A Canadian dollar's just not what it used to be. Today, for the first time in four years, the Canuck currency closes below parity with its U.S. counterpart. Citing political uncertainty and lower interest rates, foreign companies dumped their dollars, which as recently as April 25, 1974, sold for $1.0443 US The last time the dollar closed above par was the day before this clip aired, on Nov., 25, 1976. It would be the last time for three decades that a Canadian dollar was worth more than a U.S. dollar.

Medium: Television
Program: The National
Broadcast Date: Nov. 26, 1976
Host: Peter Kent
Duration: 0:29
This is the audio of a TV report for which video is unavailable.

Did You know?


• The political uncertainty cited in this clip refers to the fact that just ten days earlier the Parti Québécois won its first majority government in the Quebec provincial election. According to the Bank of Canada's history of the dollar, this "prompted markets to make a major reassessment of the Canadian dollar's prospects." Shifts in commodity prices, interest rates and changing monetary policy also affected the value of the currency.

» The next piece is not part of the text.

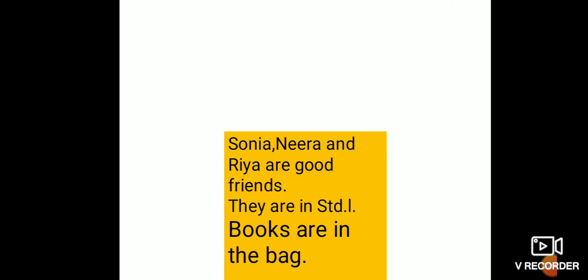Third example is books are in the bag. Now books, it is plural common noun. So we use are for books. Books are in the bag.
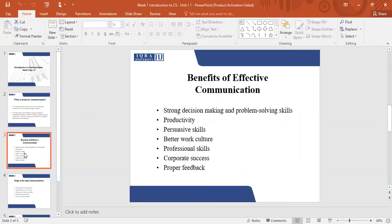There are many benefits of effective communication. The first thing is that effective communication makes your decision-making skills and your problem-solving skills become strong. You are able to take decisions and solve problems. You become more productive in what you are doing. You are able to persuade and convince the other person. You will have a better work culture and good professional skills. You can get proper feedback and enhance your work as well.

• The sell-off of Canadian dollars described here was not short-lived. In the following two years, the dollar fell below $0.84 US, even as the U.S. dollar was also depreciating against other world currencies. By 1982, the dollar had fallen further still to $0.77 US and in 1986 reached a new low of $0.6913 US.

• Although the dollar rebounded by 1991 to trade at $0.89 US, it hit its historic bottom at $0.6179 US in 2002.

• Just five years later, on Sept. 20, 2007, the dollar rocketed up to trade at par again for the first time since this clip aired.